While Brazil is a signatory to a number of high-profile treaties on the preservation of the environment, including the Frame-work Convention on Climate Change (1992), the Framework Convention on Biodiversity (1992), and the Paris Agreement (2015) which effectively places them above all Brazilian infra-constitutional legislation, including legislation on environmental protection, law enforcement has been unable to contain marauding groups who have proven to be unmindful of environmental laws and uncaring about the longer term likely consequences of de-forestation
While Director of Forest concessions, Renato Rosenberg is quoted in the AP report that “the main goal of forest concessions is the conservation of these areas” and that they also “create jobs and income in parts of the Amazon that would otherwise have little economic activity,” the marauding ways of the Brazilian de-foresters invariably ‘trump’ such good intentions as may be articulated by the Brazilian authorities.
According to the AP report, Brazilian companies allocated timber concessions under the aforementioned rules will be required to follow stipulations that they can “log up to six trees per hectare, or per 2.5 acres, over a 30-year period.” The directive adds that “protected species, such as Brazil nut, and older, seed-producing trees, are off limits.” In the matter of deforestation, however, the will of the illegal loggers invariably trumps the law.
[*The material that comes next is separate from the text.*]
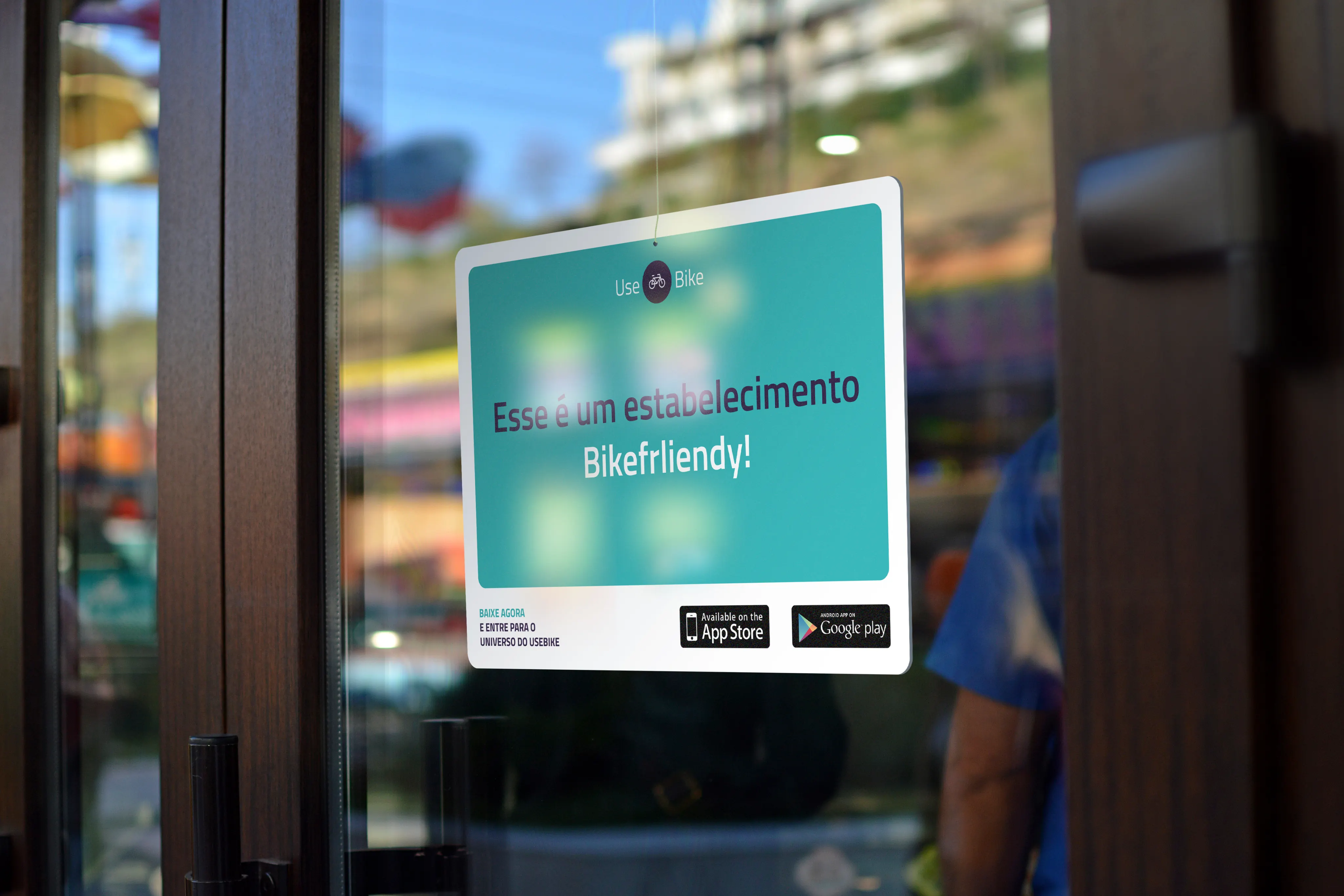 A teal and white UseBike sign hanging on a glass shop door, telling passers-by the business is bike-friendly, with App Store and Google Play badges.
Here, the idea is that granting permission to timber companies to take a limited number of trees gives them a stake in overseeing the forest, an enormous risk in a country where scruples among loggers in terms of respect for environmental considerations is by no means universal.
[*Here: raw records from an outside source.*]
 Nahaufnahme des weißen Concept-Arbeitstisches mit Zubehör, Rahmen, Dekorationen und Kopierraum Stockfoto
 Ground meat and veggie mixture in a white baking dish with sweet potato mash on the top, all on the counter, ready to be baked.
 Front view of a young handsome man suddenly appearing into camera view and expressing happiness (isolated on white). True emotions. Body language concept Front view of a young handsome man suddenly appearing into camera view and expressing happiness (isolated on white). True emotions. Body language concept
The AP report also says that, “eventually, President Luiz Inácio ‘Lula’ da Silva plans to treat as much as 310,000 square kilometres (112,000 square miles) of public undesignated Amazon rainforest– an area the size of Italy – as an area for logging though experience suggests that the Brazilian government is likely to face difficulties in ensuring that the loggers live within the limits of these legal arrangements.” Back in February this year, the Associated Press published a less than uplifting report asserting that the Amazon “is on course to reach a crucial tipping point as soon as 2050, with devastating consequences for the region and the world’s ability to tackle climate change.”
At the time, the AP report provided insights into research undertaken at the Federal University of Santa Catarina in Brazil and published in the journal Nature, which it says, “takes a holistic approach to estimating how soon the Amazon could reach that threshold”, asserting that the Amazon rainforest is believed to be on course to reach a crucial tipping point as early as 2050. The Amazon has proven resilient to natural changes in the climate for 65 million years, but deforestation and the human-caused climate crisis have brought new levels of stress and could cause a large-scale collapse of the forest system within the next three decades.
The researchers predict that 10% to 47% of the Amazon will be exposed to stresses that could push the ecosystem to its tipping point, a critical threshold that once crossed will lead to a downward spiral of impacts.